On Saturday, my friend Patty and I went to a birthday party for one of our dear friends. Bev is one of those people that has a huge heart, which was evidenced by the number of people at her party. She’s been a huge support to me during my cancer treatment. See, she just celebrated 20 years of being cancer free. Like me, she had breast cancer and had all the same treatments, although she had surgery first and chemo afterward. Like me, she dealt with being sick and being in pain and suffered from neuropathy. As a matter of fact, she suffered from neuropathy in her feet up until a few years back when she had to stay off her feet for 6 weeks after surgery. Somehow, when she was able to walk again, her neuropathy had disappeared. Apparently the time off her feet allowed her nerves to repair themselves after years of dealing with the pain.
She also dealt with all the fears of not being there for her children (she had three young sons at the time), not seeing them grow up and finding who they became. Well, she has now lived long enough to gain a wonderful husband and 4th son, as well as some daughter-in-laws and beautiful grandchildren. She is truly enjoying her retirement and time with her family. She spends some of her time doing beautiful art work. And she spends some time encouraging people like me to hold my head high and be positive. It has helped me more than she will ever know.
For the birthday party, Bev’s son had served a mexican food bar and as I was scooping some cheesy bean dip, I noticed a shiny purple confetti star had fallen into it and I scooped it onto my plate figuring I’d throw it away later. We had a nice dinner, chatting with Bev’s neighbor and one of her sisters while we ate. When we were done eating, I remembered the star and quickly looked down at my plate. No star. Oops.

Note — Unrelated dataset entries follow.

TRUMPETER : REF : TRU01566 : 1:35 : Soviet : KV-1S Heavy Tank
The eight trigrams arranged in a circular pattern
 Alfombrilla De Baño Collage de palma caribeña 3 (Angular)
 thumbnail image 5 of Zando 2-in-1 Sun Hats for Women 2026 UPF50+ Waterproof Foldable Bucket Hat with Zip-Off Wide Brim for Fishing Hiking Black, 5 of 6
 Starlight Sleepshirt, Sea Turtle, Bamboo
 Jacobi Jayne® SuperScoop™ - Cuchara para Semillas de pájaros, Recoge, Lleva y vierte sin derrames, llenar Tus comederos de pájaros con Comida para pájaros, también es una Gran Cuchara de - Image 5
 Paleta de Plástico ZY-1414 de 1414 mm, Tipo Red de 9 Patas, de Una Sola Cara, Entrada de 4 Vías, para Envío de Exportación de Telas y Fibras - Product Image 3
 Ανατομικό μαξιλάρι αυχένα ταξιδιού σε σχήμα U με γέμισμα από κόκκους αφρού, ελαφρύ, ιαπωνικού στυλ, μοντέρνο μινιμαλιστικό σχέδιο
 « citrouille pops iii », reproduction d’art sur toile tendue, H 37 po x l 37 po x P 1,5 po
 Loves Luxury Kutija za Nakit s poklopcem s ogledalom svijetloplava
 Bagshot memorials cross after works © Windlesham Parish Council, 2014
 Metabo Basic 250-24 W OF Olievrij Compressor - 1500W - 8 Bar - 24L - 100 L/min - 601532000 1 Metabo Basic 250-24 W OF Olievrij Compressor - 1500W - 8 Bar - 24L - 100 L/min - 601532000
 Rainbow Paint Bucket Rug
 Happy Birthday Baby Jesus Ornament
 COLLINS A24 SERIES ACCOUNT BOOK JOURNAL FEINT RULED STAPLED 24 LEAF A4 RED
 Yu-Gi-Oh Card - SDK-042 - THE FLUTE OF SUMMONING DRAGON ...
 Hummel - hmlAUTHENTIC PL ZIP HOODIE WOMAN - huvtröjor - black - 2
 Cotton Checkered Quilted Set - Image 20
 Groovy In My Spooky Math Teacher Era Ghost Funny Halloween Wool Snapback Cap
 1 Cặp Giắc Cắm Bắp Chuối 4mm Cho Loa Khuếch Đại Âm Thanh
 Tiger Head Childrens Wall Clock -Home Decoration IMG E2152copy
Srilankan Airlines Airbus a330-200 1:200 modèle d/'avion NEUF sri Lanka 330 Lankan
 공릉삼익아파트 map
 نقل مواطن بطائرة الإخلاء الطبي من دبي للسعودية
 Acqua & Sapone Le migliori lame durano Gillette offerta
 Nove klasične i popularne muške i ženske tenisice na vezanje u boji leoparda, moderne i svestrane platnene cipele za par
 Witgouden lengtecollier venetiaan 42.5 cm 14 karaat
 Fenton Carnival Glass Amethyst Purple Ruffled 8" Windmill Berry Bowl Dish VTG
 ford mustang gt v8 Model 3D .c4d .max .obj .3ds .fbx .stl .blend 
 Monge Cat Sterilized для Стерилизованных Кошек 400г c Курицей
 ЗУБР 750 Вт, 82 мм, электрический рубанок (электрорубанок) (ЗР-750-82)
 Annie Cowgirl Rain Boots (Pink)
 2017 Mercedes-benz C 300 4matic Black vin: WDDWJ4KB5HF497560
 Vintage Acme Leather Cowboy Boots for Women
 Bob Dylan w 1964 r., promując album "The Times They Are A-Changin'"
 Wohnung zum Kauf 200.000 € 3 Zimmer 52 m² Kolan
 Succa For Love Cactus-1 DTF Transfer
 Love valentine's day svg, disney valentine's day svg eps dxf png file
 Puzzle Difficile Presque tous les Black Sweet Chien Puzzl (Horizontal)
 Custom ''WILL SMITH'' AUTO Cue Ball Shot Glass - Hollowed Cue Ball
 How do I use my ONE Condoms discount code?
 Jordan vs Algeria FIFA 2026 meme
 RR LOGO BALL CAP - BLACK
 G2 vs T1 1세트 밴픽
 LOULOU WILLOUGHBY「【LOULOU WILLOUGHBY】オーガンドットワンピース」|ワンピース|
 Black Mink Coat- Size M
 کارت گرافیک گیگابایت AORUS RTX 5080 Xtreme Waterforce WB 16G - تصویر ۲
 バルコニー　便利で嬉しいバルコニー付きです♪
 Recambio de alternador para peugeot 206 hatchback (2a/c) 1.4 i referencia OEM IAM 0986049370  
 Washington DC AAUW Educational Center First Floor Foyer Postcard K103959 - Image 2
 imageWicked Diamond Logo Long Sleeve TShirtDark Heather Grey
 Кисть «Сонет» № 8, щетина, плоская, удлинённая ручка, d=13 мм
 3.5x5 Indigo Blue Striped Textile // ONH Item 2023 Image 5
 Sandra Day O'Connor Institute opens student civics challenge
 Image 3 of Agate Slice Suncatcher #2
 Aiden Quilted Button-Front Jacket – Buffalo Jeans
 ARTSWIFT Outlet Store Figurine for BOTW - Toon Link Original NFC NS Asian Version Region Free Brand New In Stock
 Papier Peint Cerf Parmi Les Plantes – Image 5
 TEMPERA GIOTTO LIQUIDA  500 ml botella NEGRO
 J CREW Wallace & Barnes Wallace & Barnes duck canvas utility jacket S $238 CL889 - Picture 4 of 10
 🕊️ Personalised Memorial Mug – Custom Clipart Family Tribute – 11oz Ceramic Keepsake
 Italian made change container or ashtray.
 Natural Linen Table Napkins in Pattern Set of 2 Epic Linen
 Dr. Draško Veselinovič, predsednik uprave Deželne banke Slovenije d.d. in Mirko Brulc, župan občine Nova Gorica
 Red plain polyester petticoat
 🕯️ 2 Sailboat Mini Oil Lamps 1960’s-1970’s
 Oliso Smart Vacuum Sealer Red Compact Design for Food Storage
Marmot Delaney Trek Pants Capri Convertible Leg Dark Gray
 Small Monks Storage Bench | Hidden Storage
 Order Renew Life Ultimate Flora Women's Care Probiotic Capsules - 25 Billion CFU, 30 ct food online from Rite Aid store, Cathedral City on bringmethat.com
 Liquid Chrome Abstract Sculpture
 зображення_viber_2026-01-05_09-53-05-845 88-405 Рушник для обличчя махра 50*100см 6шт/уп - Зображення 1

“I may or may not have eaten that star,” I exclaimed out loud. Patty laughed. I explained the story with the others at the table with us, who also laughed.
“Well you’ll find out in a day or so,” Patty giggled.
Later on, as we sat in the living room, Bev shared answers to the “Who knows Bev best” quiz that we’d all filled out. One of the questions was how long has Bev been cancer-free? I knew the answer – 20 years. It is what I hope for – a long future ahead of me to live and dream and hope. When she gave the answer, she told everyone that I was fighting the same fight she had twenty years before, and that in another 20 years she and I would be celebrating together- she 40 years and me 20 years of being cancer free. The first time she’d told me this, I was in the middle of chemo treatments. I was very sick and feeling beaten and unsure. But when she said it again at the party, this time I believed it.
This time, I raised my arms and yelled “yes!”. I am starting to feel like I can do this. When I see Bev living such a wonderful life twenty years after going through my same struggles, I began to picture myself twenty years from now – enjoying life, seeing my children grow up, playing with my grandchildren.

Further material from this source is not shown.